Now I'm back to using good old Aspen & have nice deep pans to stop any mess...my fiance trimmed them down [they were a little TOO deep] & they don't look too shabby ;D

Thanks to the member who recommended this!!!


----------



## ratcals (Oct 30, 2007)

More info on the pans would be nice please.


----------



## cagedbirdsinging (May 28, 2012)

Those look great! What did you end up going with?


----------



## Eden10 (Aug 11, 2012)

This is the link that was provided to me by another member: http://m.lowes.com/pd_19252-1569-ST...currentURL=?Ntt=cement+mixing+tray&facetInfo= but the ones I got from my local Lowes were slightly different, it doesn't have as many ridges in it & was called a multi purpose pan but I still found it in the masonary section. Same dimesions & everything tho. Like I mentioned it was a little too deep but my fiance managed to cut it with a box cutter (ladies have your hubbys do this as its thick plastic!) but they worked great as you can see...I paid 12bucks each...waaayyyy better than 20bucks each plus shipping that Midwest want for a slightly deeper tray!


----------



## LightningWolf (Jun 8, 2012)

Nice. Me and my dad are trying to get sheets of Coroplast to make pans for our DCN. I love the fleece, I don't mind my boys chewing it, but it just gets so covered in poop and bedding and it's hard to shake it off of it to put in the washer. Plus when your allergic to rat urine, all the pee it tends to get on it, isn't very helpful. 

If we can't find Coroplast we might try this (oh and thanks for the link, I searched the Lowes website for Cement mixing tray which is what they are called at Home depot and couldn't find them. the ones at Home depot though have a lip on them)


----------



## Poodlepalooza (Aug 9, 2012)

Do you use your cage as two separate cages? Or did you cut an opening in the top pan to allow passage to that level?


----------



## Skaila (Dec 17, 2012)

Please Please Please switch to a paper bedding. Aspen and wood chips have oils that can promote respiratory problems. Otherwise, cool beans!


----------



## Eden10 (Aug 11, 2012)

My cage is 2 separate ones, but I'm pretty sure you can easily cut an opening. Also, thanks for the concern but Aspen is safe for ratties  its Cedar & Pine that are harmful.


----------



## missinasworld (Feb 1, 2013)

Do your rats ever get between the pan and the orginal pan in this set up? I am really considering getting these for my FN cage but it looks like there is a rather nice size gap in the photo of the pans and the cage walls in the front, or is it not really a gap?

It looks great btw 

Missina


----------



## HelloClarice (Feb 1, 2012)

Very neat =] My boys are stinker butts and I think they would try and get between the pan and the cage, have you had that problem? I don't have a DCN so its a whatever but just a thought.

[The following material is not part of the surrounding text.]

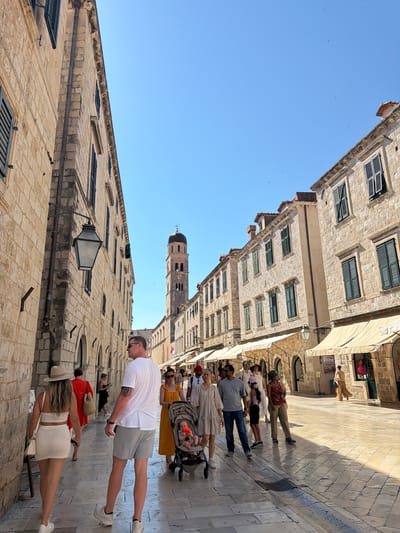In Dubrovnik, Croatia, a bright, sunny day illuminates a bustling pedestrian street lined with stone buildings. The architecture features large, rough-hewn stone blocks and dark-shuttered windows, characteristic of the Old Town. In the distance, a prominent bell tower with a dark dome rises above the buildings, identifying the location as Stradun, the main street of Dubrovnik. A diverse group of tourists are walking along the street. Some are dressed in casual summer attire, while others are pushing a stroller with a baby. Several shops with awnings are visible along the right side of the street. The paved ground is made of large, irregular stones. The scene captures the vibrant atmosphere of a popular tourist destination.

I think I'm gonna get Aspen, I love the smell of wood and I am currently using newspaper for the bottom of the cages which the girls tear up and drank up to the second floor to one of their hammocks so that's pointless and fleece liners on the second floor which the girls chew up just to make me mad >.> the boys don't touch either haha


----------



## Eden10 (Aug 11, 2012)

There is a slight gap...but my boys stay where the bedding is I don't think they like chillin on bare plastic. I kept the original CN pans & just put the new pans on top so there isn't bare bars. & yeh I like Aspen it always smells good & isn't very dusty considering it is a type of wood chip. I'm reassured that its safe due to the fact its widely used & recommended for reptiles & they are very prone to respitory issues. If its safe for them its very safe for ratties! I was using it originally, but obviously the CN pans don't allow for this. I'm going to use it for my mice too...right now they are on some old Carefresh Confetti I had leftover...but am going to switch them today.


----------



## ratcals (Oct 30, 2007)

That's the problem I have. A couple of my boys like to get behind there and sleep. I can't imagine it's more comfortable than their bedding, but who am I to question the logic of a rat?


----------



## LightningWolf (Jun 8, 2012)

Eden, quick question since I've used aspen for almost 2 years, What type do you use? Sani chips or Shredded Aspen. I've found shredded Aspen that has 4 cubic feet so I need to know how many cage cleanings that will cover if you were to do 2 full size pans and clean once a week. I'm wanting to change brands since I've noticed that the one I've been using has been getting dustier every time I use it.

Ratcals, Never argue with rat logic. you'll never win  my guys still think that trying to cram all together in one small kleenex box or in a hammock not even designed for one rat (I have 4 boys) is comfy.


----------



## Scintie (Feb 12, 2013)

Is that the critter nation cage? I've been thinking of getting it, was curious rather your rats ever tried to squeeze out of it?


Sent from Petguide.com Free App


----------



## LightningWolf (Jun 8, 2012)

Scintie said:


> Is that the critter nation cage? I've been thinking of getting it, was curious rather your rats ever tried to squeeze out of it?
> 
> 
> Sent from Petguide.com Free App


Welcome. the Critter Nation has 1/2 inch bar spacing, rats can not get out of it (my friend kept 3 week old rats in it and they couldn't get out). I think your thinking of the Ferret Nation which has 1 inch bar spacing which young rats can squeeze out of.


----------



## Scintie (Feb 12, 2013)

Oh well I saw the critter nation on amazon, the bars seemed farther apart, but that's nice to know. My rats definitely need a upgrade!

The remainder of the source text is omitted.